Elle alla chercher son sac, en sortit des notes de restaurant griffonnées sur des feuilles de petits blocs-notes.
— La preuve.
— Alors, pourquoi veux-tu rester ? Pas pour Truc puisque tu es persuadée qu’il est mort. Pour ce gosse ? Il ne ressemble en rien à Antoine. D’après ce que tu m’as dit, tu vois que je me réfère à tes sources, il s’agit d’un garçon inquiétant qui joue du couteau, n’hésite pas à égorger un chien, se comporte comme un voyou. Comment as-tu pu t’attacher à lui ?
Il soupira :
— Évidemment, il m’est difficile d’y croire. Je fais un effort pour admettre qu’il existe. Tu as donc besoin de lui ? De sa perversité ?
— Non. C’est lui qui a besoin de moi, dit-elle. Il est farouche, haineux.
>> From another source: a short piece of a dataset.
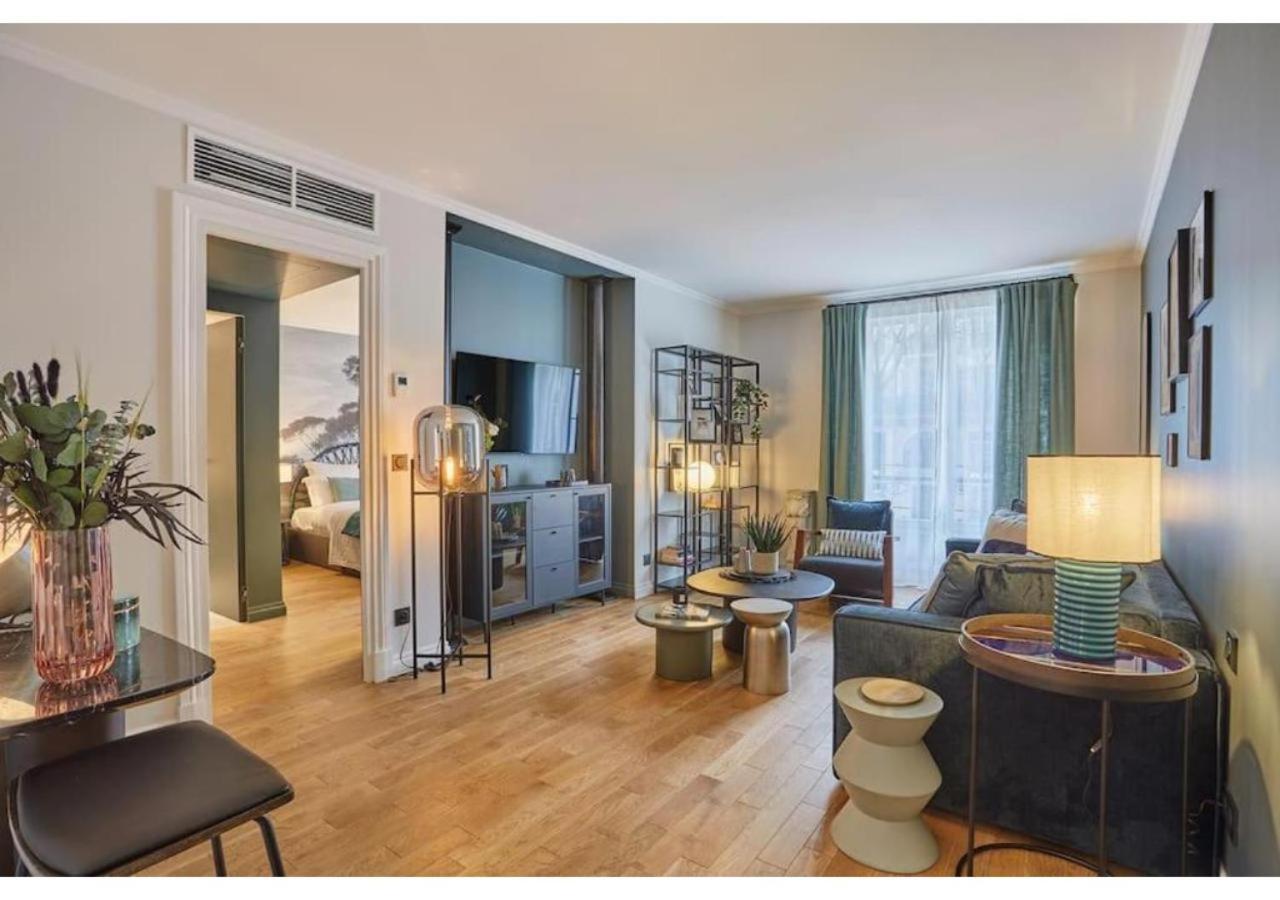 Notre Dame De By Prestige * Paris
Je peux le transformer.
Toujours sous l’effet soudain de cette contrariété qu’il ne pouvait maîtriser, il se leva, fit quelques pas autour de la table.
— Tu voudrais que j’entre dans la folie, n’est-ce pas ? Que je perde le sens du réel ?
— Pierre Roso existe. Il a mangé à cette table, il m’a parlé. Pourquoi, si je l’avais imaginé, l’aurais-je créé aussi cruel ?
Guy se laissa lourdement tomber sur sa chaise.
— Je ne sais pas, murmura-t-il. Non, je ne sais pas… À moins que tu ne l’aies chargé de toute ton agressivité contenue… Qu’il ne soit que l’expression de ta rancune contre les autres, contre moi… Peut-être que tu me détestes parce que j’ai laissé partir Antoine avec mes parents… Et qu’il est mort. Eux aussi d’ailleurs.
— Je ne haïssais pas Truc, murmura-t-elle, et pourtant il est mort.